> _WORK TASK_:
Repeat the records exactly, with one exception: no images.

> _MATERIAL FOR THIS TASK_:
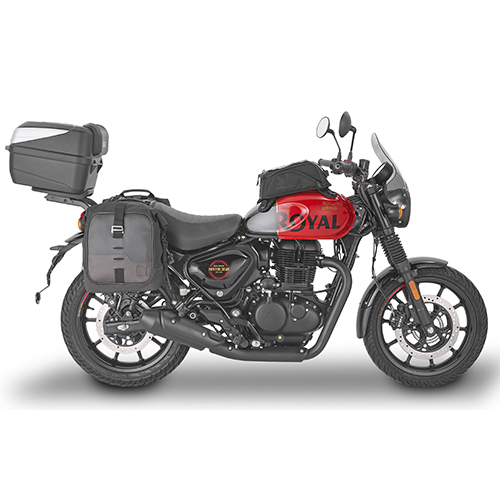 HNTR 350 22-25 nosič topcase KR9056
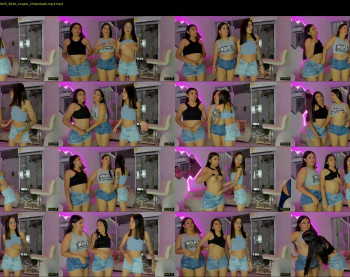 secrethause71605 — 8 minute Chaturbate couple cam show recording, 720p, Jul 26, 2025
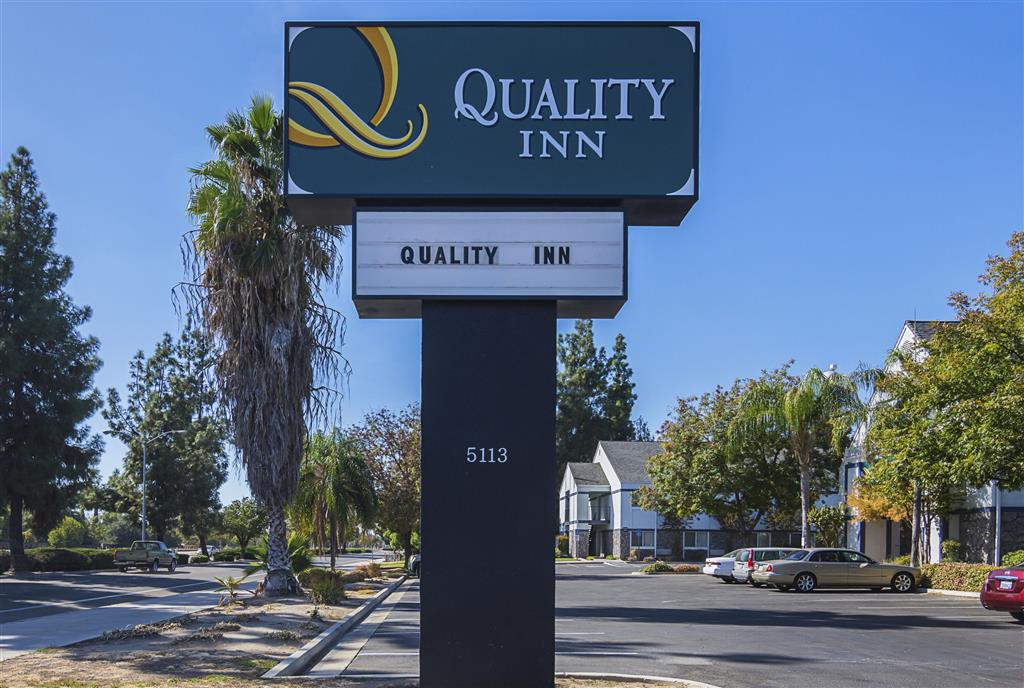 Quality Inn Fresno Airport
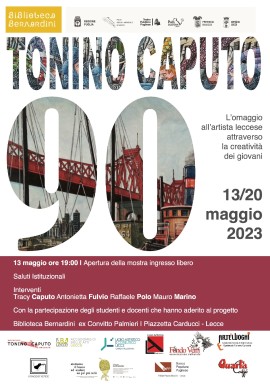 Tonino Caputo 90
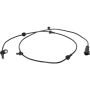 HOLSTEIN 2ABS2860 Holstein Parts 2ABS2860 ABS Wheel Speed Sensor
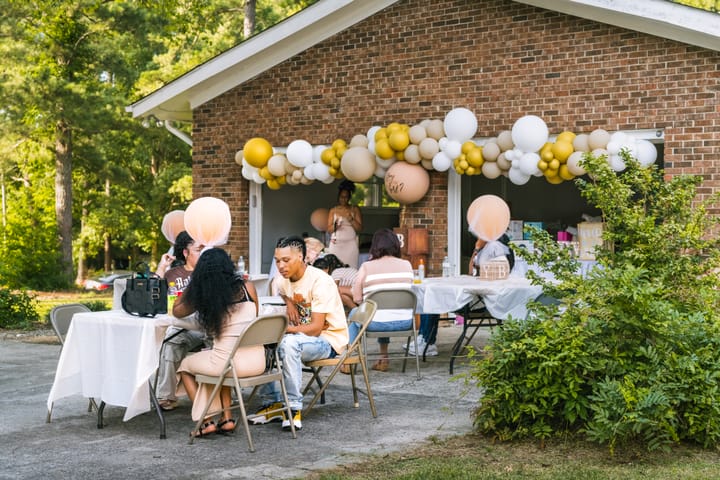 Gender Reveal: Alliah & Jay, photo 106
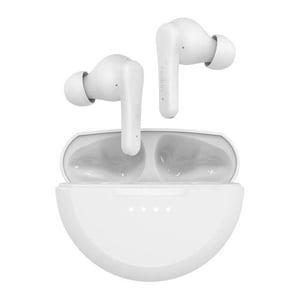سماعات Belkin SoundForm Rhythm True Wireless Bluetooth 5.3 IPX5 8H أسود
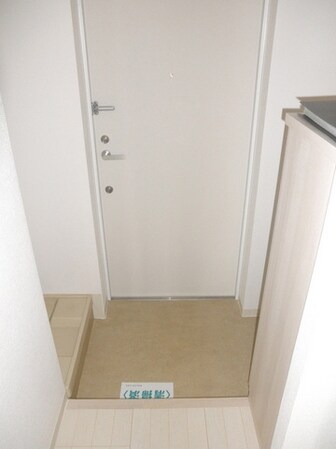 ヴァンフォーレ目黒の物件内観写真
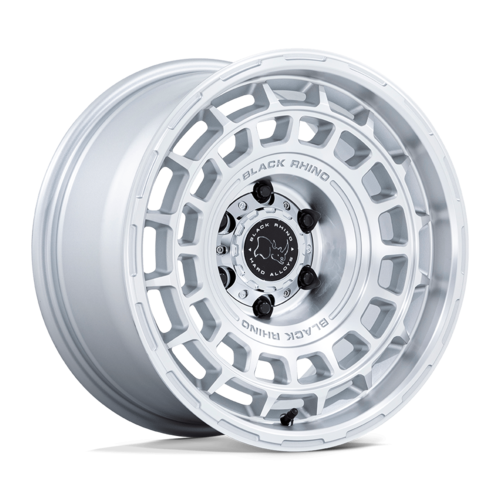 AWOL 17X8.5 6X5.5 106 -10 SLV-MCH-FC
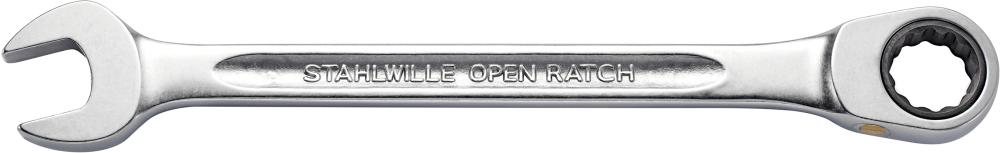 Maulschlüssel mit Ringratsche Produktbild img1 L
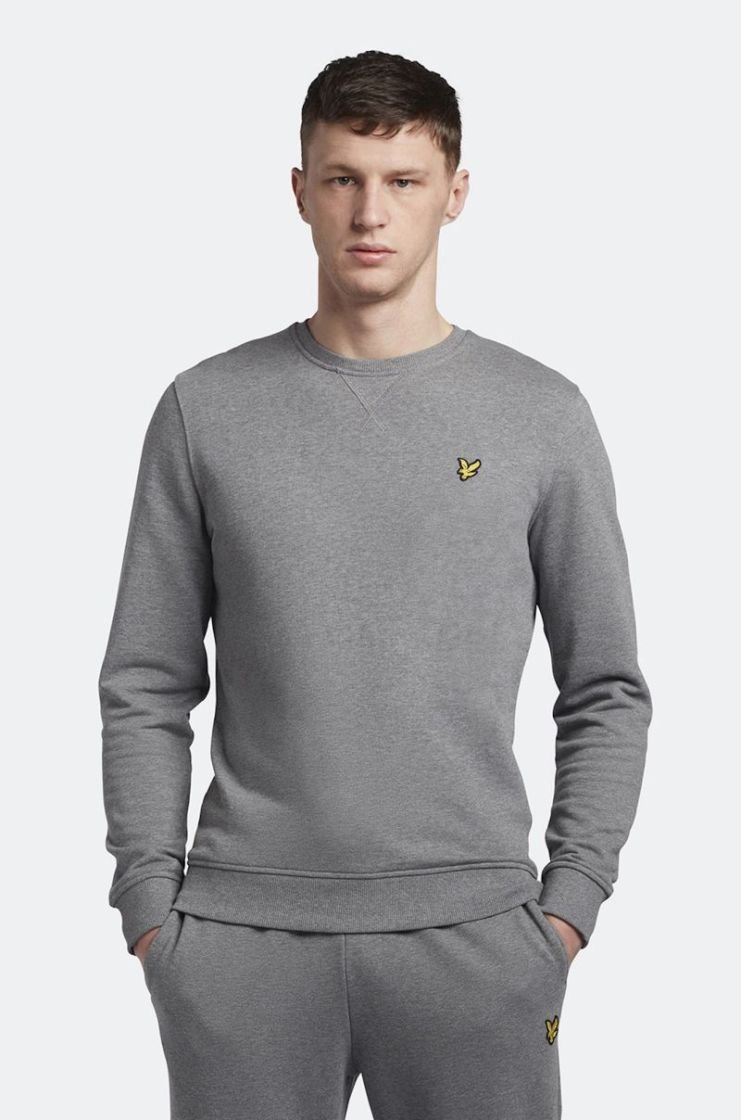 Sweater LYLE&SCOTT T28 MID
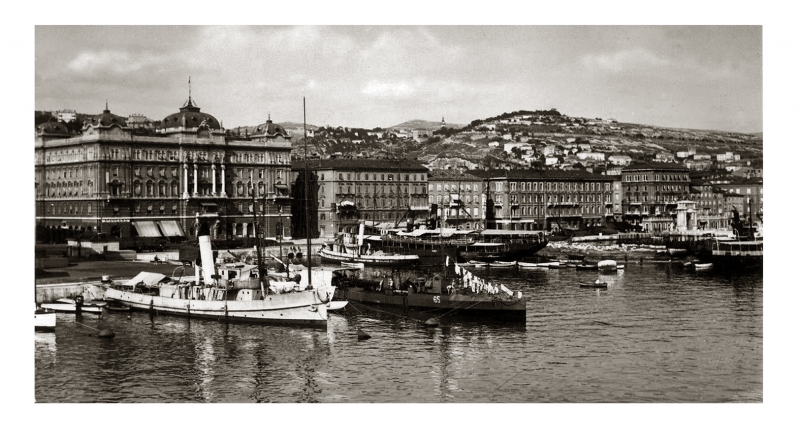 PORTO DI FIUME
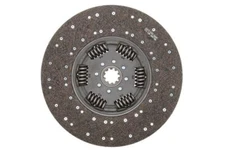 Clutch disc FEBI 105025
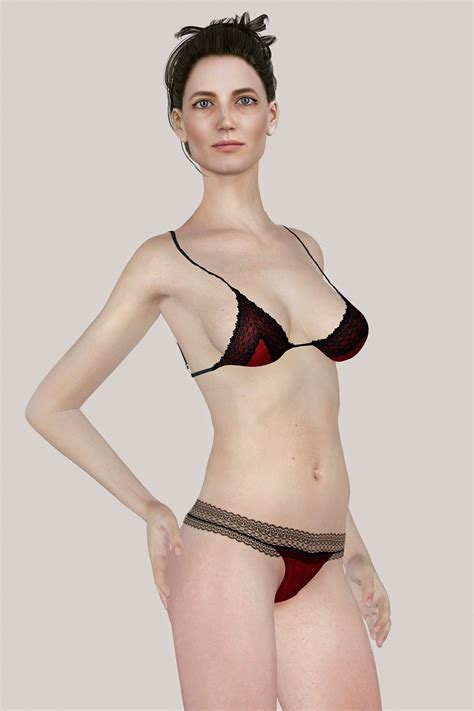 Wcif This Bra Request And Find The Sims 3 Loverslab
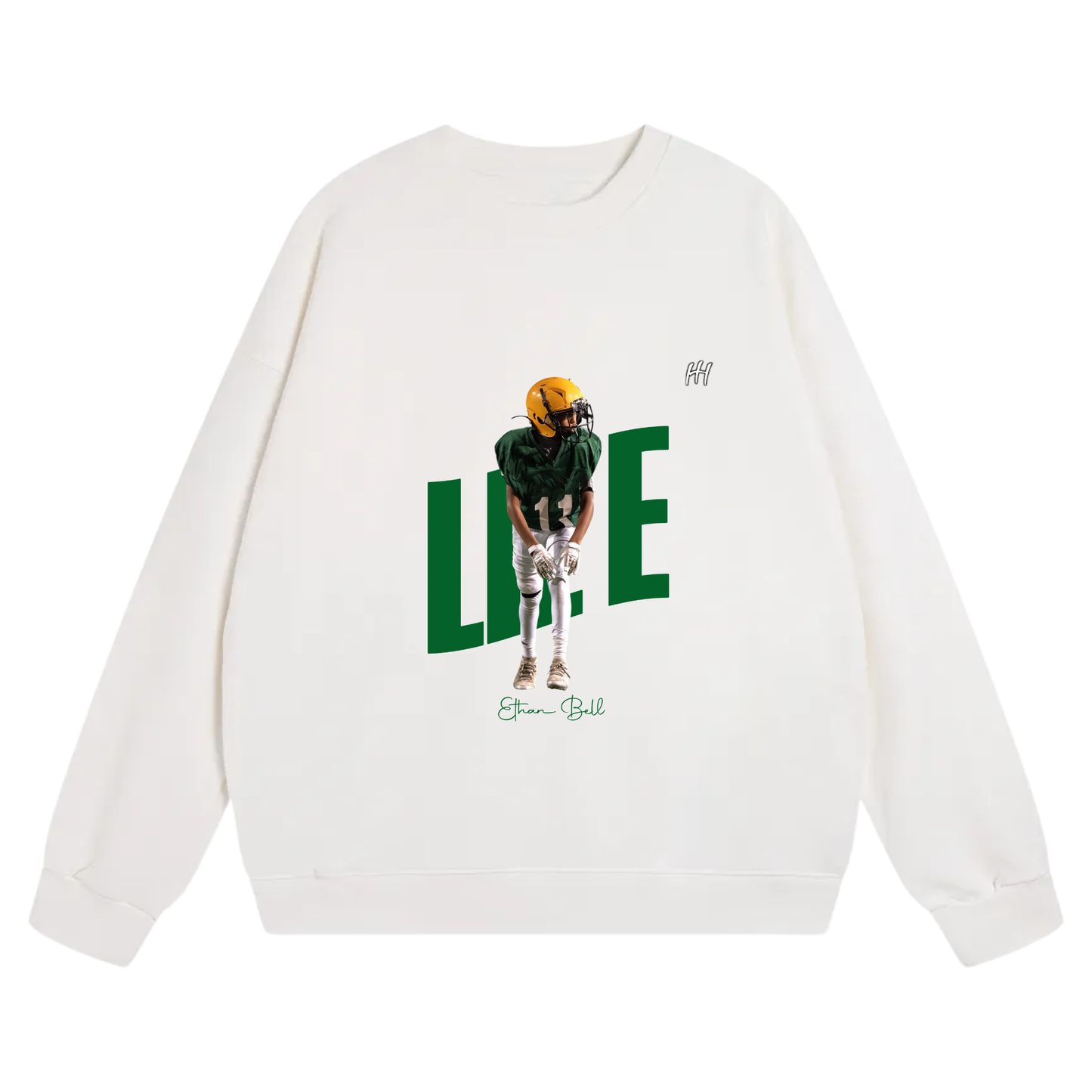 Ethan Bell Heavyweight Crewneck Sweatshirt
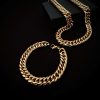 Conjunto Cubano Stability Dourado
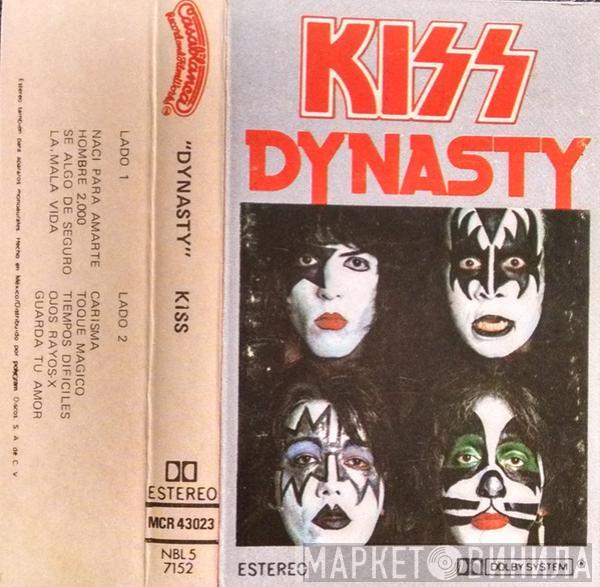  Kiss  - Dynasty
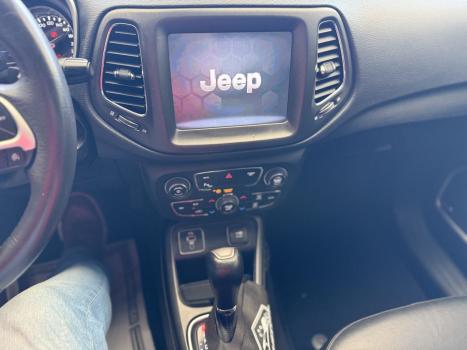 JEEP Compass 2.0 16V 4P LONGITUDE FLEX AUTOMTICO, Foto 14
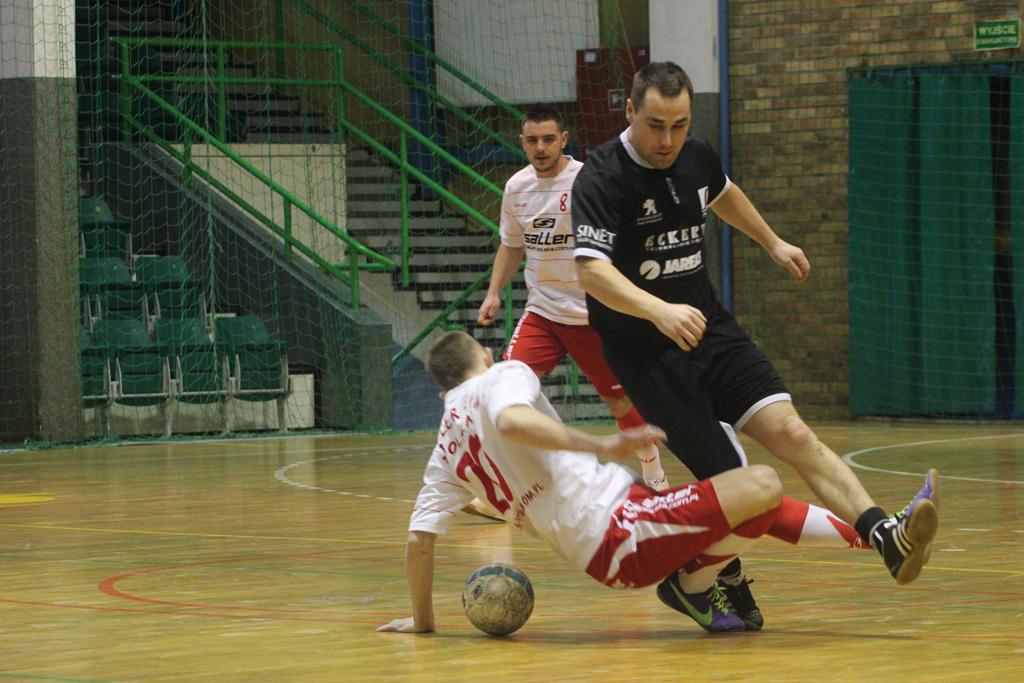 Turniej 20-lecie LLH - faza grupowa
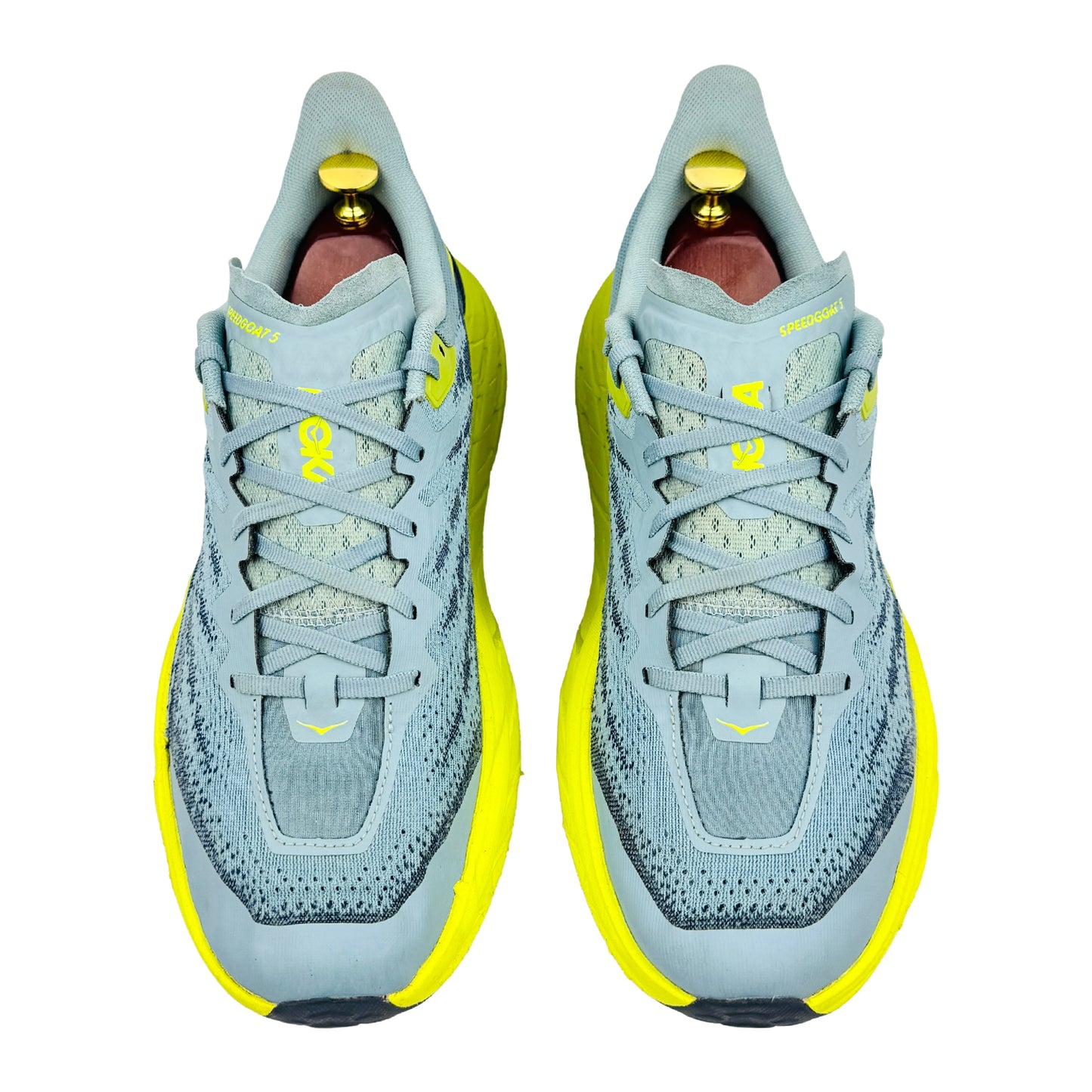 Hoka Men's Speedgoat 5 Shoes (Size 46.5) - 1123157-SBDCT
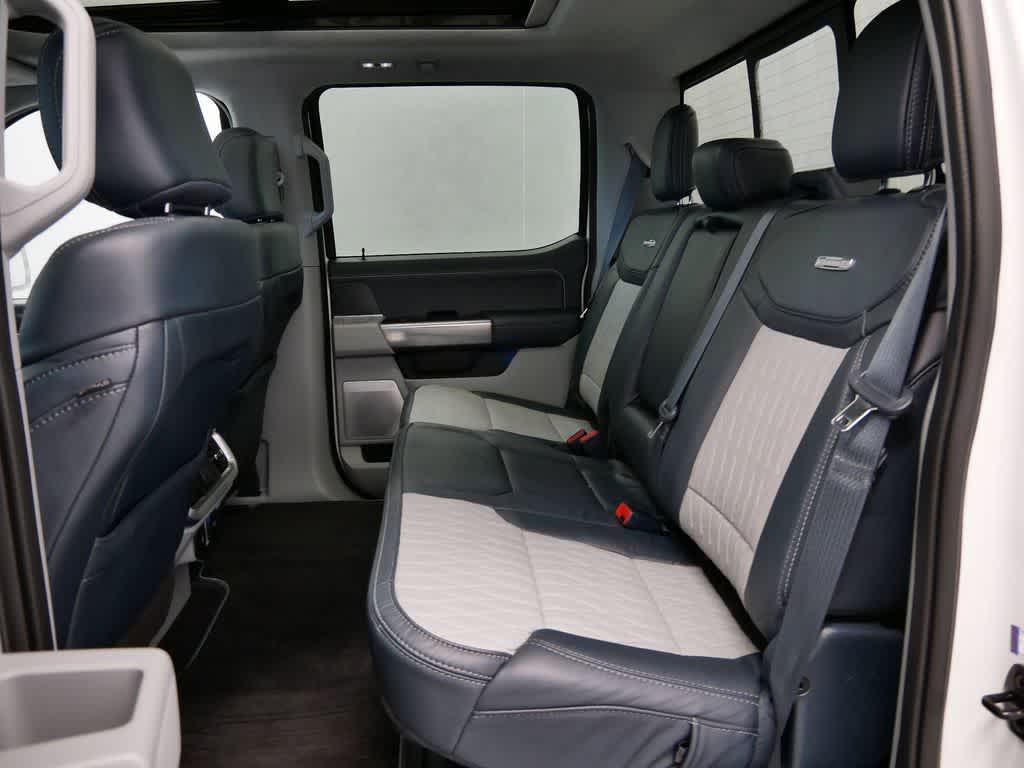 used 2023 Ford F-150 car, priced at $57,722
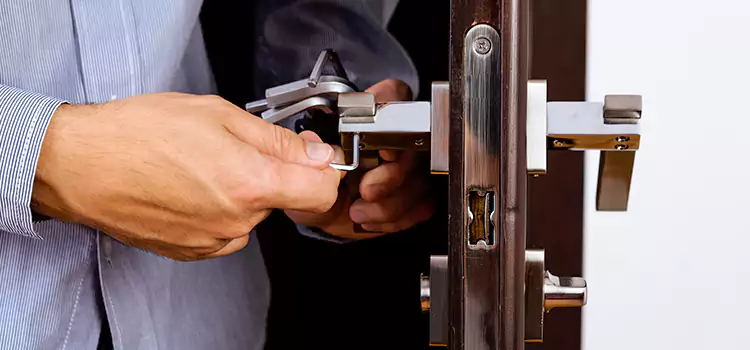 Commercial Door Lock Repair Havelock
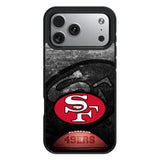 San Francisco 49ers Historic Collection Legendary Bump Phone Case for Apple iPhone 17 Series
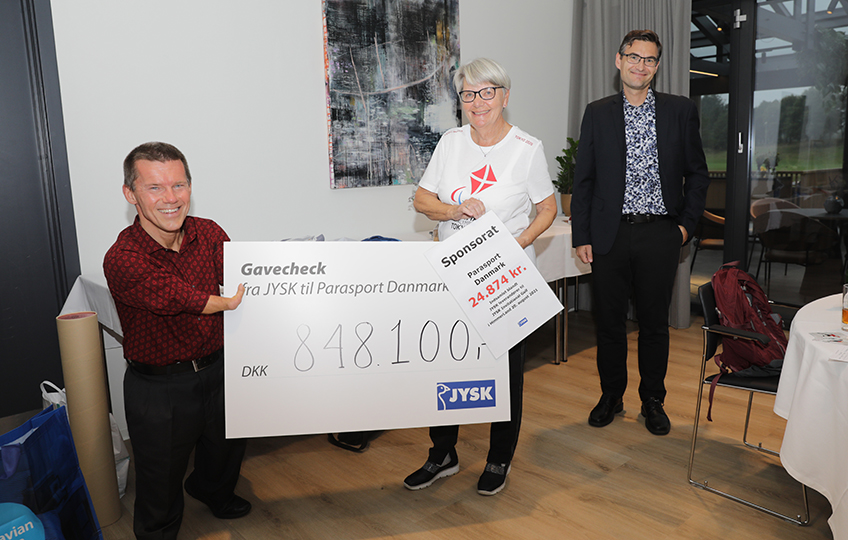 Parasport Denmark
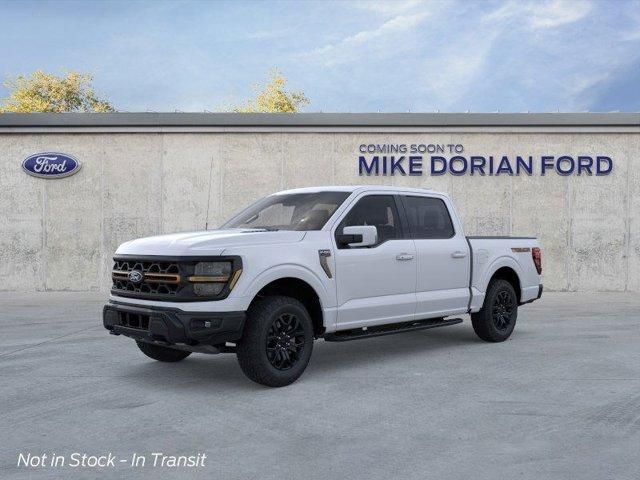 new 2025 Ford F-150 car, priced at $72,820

> _WRITTEN SOLUTION_:
 HNTR 350 22-25 nosič topcase KR9056
 secrethause71605 — 8 minute Chaturbate couple cam show recording, 720p, Jul 26, 2025
 Quality Inn Fresno Airport
 Tonino Caputo 90
 HOLSTEIN 2ABS2860 Holstein Parts 2ABS2860 ABS Wheel Speed Sensor
 Gender Reveal: Alliah & Jay, photo 106
سماعات Belkin SoundForm Rhythm True Wireless Bluetooth 5.3 IPX5 8H أسود
 ヴァンフォーレ目黒の物件内観写真
 AWOL 17X8.5 6X5.5 106 -10 SLV-MCH-FC
 Maulschlüssel mit Ringratsche Produktbild img1 L
 Sweater LYLE&SCOTT T28 MID
 PORTO DI FIUME
 Clutch disc FEBI 105025
 Wcif This Bra Request And Find The Sims 3 Loverslab
 Ethan Bell Heavyweight Crewneck Sweatshirt
 Conjunto Cubano Stability Dourado
  Kiss  - Dynasty
 JEEP Compass 2.0 16V 4P LONGITUDE FLEX AUTOMTICO, Foto 14
 Turniej 20-lecie LLH - faza grupowa
 Hoka Men's Speedgoat 5 Shoes (Size 46.5) - 1123157-SBDCT
 used 2023 Ford F-150 car, priced at $57,722
 Commercial Door Lock Repair Havelock
 San Francisco 49ers Historic Collection Legendary Bump Phone Case for Apple iPhone 17 Series
 Parasport Denmark
 new 2025 Ford F-150 car, priced at $72,820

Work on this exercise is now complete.